# New world crank pins



## King Louie (Sep 18, 2019)

Does any one know what size crank pins on a 1941 New world 3 piece crank set take


----------



## Roger Henning (Sep 19, 2019)

I believe a digital caliper will answer your question.  Those cotters only come in 3 or 4 sizes and on my bike like I took the cotter in for comparison. Roger


----------



## SirMike1983 (Sep 19, 2019)

Pin length, diameter, and face/file profile are all relevant. The diameter and face profile are the most important dimensions, but if the length is way off, you can have problems as well.
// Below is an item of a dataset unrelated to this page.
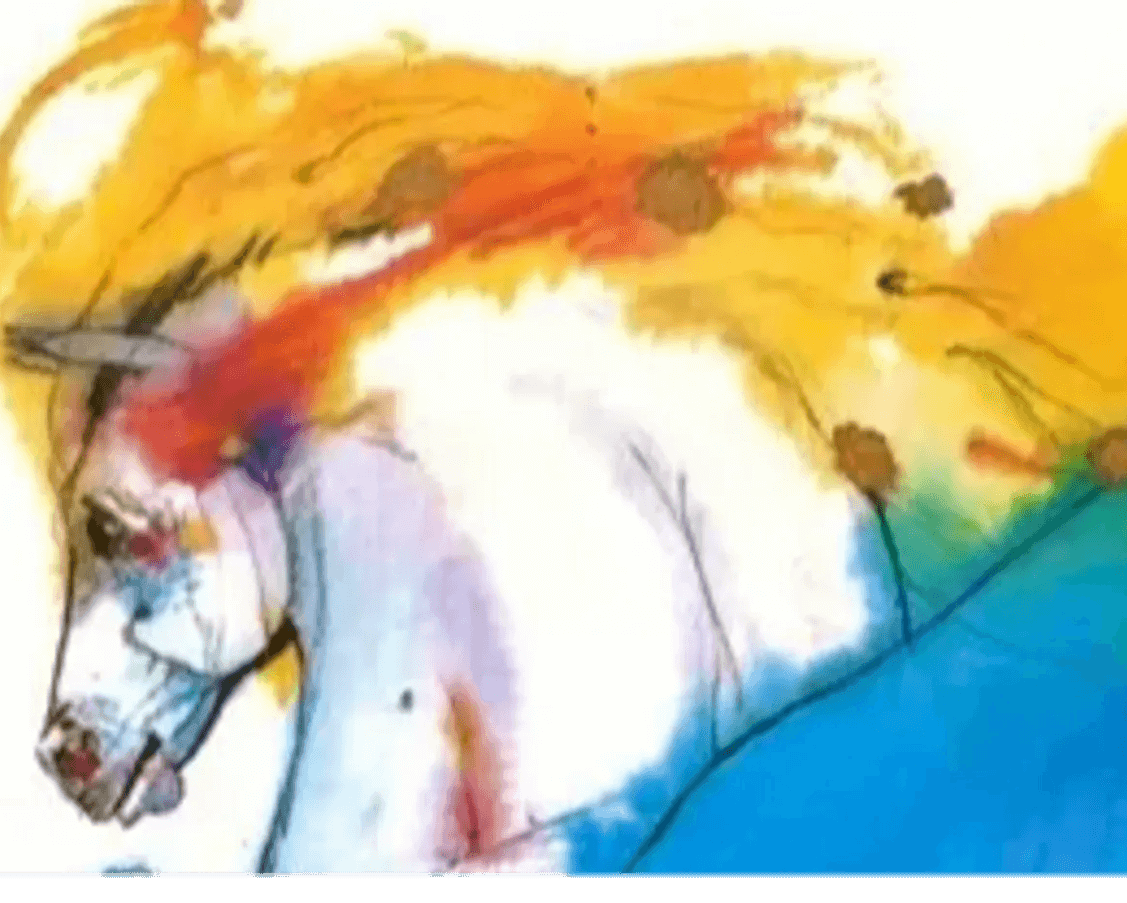 Colorful abstract painting of a horse, featuring vibrant splashes of yellow, orange, red, blue, and purple.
The last time I used substitute pins on a New World, I used English pins produced by Hercules Cycle & Motor Co. These were Birmingham Hercules (not Nottingham Hercules) pattern pins. Over the years, I accumulated a tin full of old cotter pins from various bikes, mostly English ones. If I recall, I tried various pairs and found the Hercules worked best. Eventually I located a couple pairs of original New World pins and replaced those Hercules pins with original Schwinn pins. The fit was basically the same. I suspect when Schwinn developed its parts for the New World, they based their dimensions heavily on English bicycles of that era (1930s).

I'd look for a set of non-Raleigh English pins. The face profile requires a lesser filing than the more aggressive filing done to Raleigh pins. Bikesmith Designs may be a possibility as well.
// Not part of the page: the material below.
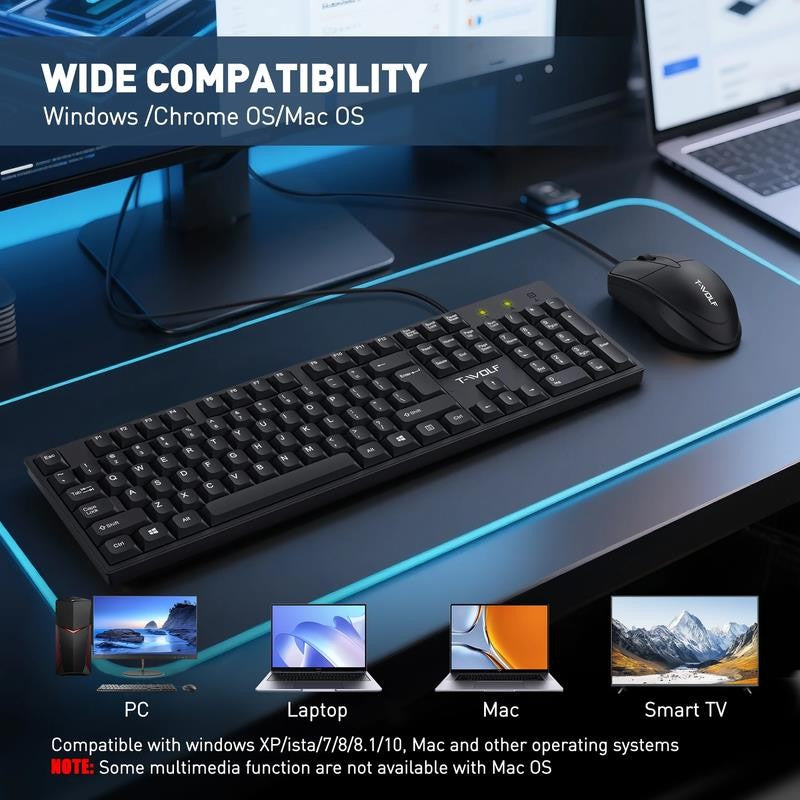 Wired USB Keyboard & Mouse Combo with 12 Shortcut Keys, Full-Size Ergonomic Sile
I probably have a pair or two of the New World pins in the tin somewhere. The tin is still packed away with my parts from when I moved earlier this year. If you end up needing exact dimensions, I can probably come up with them. I do recall setting calipers to a nearly new 1940s Schwinn pin and had recorded all the specifications. I don't recall where my spec sheet for it is.


----------